Prime yields across all UK commercial property sectors remained stable in February, with the current levels expected to be supported this year by an imbalance in supply and demand for the most sought-after real estate assets. There is even the possibility yields could harden by the end of 2012 as a result, the Savills Market in Minutes bulletin - which looks back at the real estate investment activity last month - asserted.
While every sector of the UK's commercial property industry is holding steady, the firm noted there was significantly less investment during 2011, compared to the previous two years. The total amount ploughed into the real estate sector slipped by 7.1 per cent last year, whereas in 2010, a 45.5 per cent rise in investment volumes was recorded. Savills put this down to the eurozone crisis, which slowed the market considerably in the final six months of 2011, adding "unsurprisingly, this tempered investor confidence".
A further challenge for those seeking property investment opportunities is the lack of funding available. While the organisation highlighted 21 lenders who are prepared to finance large deals, it noted the institutions are "very selective". The report stated: "They are all looking to provide finance to selected borrowers with a track record secured against good quality properties with strong covenants." However, this has resulted in a greater number of mezzanine finance providers entering the market, with Savills adding there are 30 such organisations currently offering this type of funding.

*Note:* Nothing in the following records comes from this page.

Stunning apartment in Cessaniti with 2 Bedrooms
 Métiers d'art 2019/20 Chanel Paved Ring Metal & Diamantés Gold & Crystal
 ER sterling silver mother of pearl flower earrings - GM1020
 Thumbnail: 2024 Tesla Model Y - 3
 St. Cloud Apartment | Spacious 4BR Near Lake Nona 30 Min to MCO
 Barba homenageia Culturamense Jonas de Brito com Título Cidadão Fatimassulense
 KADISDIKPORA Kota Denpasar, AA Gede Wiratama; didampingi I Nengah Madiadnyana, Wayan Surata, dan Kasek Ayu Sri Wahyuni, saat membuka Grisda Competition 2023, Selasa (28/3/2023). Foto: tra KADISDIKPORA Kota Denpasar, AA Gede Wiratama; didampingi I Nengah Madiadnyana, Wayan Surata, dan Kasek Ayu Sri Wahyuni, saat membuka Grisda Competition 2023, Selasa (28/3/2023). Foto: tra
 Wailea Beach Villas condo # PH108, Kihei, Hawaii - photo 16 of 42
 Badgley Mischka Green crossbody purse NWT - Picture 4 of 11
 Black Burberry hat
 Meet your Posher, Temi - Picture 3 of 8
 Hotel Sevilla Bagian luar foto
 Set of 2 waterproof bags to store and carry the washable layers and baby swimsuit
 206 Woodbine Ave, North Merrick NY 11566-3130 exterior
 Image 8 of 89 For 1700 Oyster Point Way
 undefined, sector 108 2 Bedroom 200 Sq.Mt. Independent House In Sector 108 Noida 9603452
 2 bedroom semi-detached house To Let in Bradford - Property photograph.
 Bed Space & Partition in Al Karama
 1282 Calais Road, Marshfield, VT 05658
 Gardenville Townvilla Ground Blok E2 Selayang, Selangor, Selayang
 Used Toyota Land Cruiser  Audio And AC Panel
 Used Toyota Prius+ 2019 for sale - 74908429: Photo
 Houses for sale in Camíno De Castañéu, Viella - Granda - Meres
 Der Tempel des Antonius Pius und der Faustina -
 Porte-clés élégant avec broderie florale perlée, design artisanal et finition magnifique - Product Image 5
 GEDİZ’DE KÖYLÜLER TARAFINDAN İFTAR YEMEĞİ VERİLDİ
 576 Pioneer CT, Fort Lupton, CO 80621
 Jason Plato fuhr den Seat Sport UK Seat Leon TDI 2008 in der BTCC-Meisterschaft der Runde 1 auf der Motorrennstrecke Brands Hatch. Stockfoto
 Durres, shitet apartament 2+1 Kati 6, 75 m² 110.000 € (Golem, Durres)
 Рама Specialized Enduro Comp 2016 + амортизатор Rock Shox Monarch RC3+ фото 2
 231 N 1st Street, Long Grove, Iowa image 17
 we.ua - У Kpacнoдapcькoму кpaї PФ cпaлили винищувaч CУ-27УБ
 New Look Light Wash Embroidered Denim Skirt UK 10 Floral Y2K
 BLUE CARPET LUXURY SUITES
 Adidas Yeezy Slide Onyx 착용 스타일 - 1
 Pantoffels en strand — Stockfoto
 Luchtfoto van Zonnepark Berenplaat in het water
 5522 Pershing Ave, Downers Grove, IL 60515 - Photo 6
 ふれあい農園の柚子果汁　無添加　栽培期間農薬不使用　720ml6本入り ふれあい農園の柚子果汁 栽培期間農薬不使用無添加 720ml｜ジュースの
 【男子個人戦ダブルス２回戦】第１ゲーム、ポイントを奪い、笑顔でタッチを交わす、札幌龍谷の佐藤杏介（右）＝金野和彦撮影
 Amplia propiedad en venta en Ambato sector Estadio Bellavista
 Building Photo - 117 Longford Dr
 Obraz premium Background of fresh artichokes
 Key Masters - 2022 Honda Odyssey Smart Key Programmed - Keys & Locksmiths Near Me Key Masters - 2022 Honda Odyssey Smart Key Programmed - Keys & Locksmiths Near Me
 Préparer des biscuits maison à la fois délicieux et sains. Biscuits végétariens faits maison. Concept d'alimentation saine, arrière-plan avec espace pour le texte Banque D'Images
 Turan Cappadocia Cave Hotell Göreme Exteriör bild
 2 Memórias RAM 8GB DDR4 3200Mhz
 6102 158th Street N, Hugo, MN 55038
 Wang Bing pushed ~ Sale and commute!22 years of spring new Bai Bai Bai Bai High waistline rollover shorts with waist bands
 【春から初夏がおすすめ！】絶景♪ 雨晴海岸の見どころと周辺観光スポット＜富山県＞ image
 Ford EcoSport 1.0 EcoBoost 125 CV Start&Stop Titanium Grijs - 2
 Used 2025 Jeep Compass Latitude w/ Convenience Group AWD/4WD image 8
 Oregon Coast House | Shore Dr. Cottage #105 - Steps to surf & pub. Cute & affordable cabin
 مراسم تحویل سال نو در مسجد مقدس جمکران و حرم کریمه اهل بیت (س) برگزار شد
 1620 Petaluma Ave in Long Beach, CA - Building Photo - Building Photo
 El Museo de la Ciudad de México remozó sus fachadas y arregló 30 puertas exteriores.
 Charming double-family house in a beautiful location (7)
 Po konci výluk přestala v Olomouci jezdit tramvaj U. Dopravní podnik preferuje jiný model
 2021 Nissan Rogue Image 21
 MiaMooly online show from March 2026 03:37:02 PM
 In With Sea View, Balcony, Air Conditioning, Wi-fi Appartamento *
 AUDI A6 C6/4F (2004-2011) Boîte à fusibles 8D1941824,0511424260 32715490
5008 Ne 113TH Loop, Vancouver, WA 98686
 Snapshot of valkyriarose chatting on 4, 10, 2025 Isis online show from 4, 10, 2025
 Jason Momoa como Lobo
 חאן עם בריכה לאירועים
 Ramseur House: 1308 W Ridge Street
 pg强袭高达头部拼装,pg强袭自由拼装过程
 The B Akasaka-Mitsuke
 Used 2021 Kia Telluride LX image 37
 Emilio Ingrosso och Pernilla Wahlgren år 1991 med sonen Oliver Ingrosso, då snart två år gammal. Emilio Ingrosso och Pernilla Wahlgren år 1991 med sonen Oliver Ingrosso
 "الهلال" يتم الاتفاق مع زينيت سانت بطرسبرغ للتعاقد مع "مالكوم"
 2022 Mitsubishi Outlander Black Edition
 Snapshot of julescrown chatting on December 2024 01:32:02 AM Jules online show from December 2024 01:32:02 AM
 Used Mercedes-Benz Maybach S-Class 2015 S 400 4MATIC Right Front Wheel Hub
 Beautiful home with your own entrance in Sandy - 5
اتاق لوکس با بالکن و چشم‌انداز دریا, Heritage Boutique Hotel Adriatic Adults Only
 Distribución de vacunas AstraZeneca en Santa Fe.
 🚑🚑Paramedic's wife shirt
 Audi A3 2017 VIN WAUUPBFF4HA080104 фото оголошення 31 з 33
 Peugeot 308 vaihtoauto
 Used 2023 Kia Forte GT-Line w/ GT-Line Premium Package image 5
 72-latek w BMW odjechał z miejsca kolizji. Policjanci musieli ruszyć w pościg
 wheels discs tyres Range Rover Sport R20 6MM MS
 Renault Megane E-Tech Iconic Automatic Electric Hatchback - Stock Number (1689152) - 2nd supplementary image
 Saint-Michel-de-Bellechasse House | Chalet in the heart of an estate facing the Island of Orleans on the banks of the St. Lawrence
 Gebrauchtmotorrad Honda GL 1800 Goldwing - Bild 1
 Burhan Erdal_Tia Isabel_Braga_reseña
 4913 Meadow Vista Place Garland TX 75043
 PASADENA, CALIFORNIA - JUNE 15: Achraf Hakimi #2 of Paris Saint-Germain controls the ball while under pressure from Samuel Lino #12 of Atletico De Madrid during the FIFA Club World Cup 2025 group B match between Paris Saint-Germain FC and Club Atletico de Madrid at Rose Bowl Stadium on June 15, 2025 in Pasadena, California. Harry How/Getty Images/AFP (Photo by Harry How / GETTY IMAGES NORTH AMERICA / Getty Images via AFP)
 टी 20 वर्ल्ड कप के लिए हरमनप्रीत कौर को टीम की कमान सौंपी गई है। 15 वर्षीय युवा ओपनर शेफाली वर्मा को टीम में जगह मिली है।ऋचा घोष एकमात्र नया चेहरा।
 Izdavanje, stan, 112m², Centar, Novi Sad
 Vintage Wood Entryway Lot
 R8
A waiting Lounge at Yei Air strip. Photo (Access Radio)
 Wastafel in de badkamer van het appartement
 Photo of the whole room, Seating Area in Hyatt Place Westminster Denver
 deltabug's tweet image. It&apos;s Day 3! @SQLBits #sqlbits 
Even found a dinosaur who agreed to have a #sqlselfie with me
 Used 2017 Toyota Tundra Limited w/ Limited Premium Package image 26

Earlier this month, CB Richard Ellis (CBRE) published research which revealed almost one-third of the investors surveyed cited the lack of debt financing as their "greatest concern" for the recovery of European property markets in 2012. According to the survey, 43 per cent of those questioned also stated debt availability was having a negative impact on their real estate investment activities this year. Peter Damesick, Europe, Middle East and Africa chief economist at CBRE, said investors targeting assets outside prime or core markets have been hit particularly hard by the shortage of loans, while difficulties in raising funds will also have an effect on those who "favour opportunistic, value-add or distressed assets" and is likely to suppress their purchasing activity in 2012.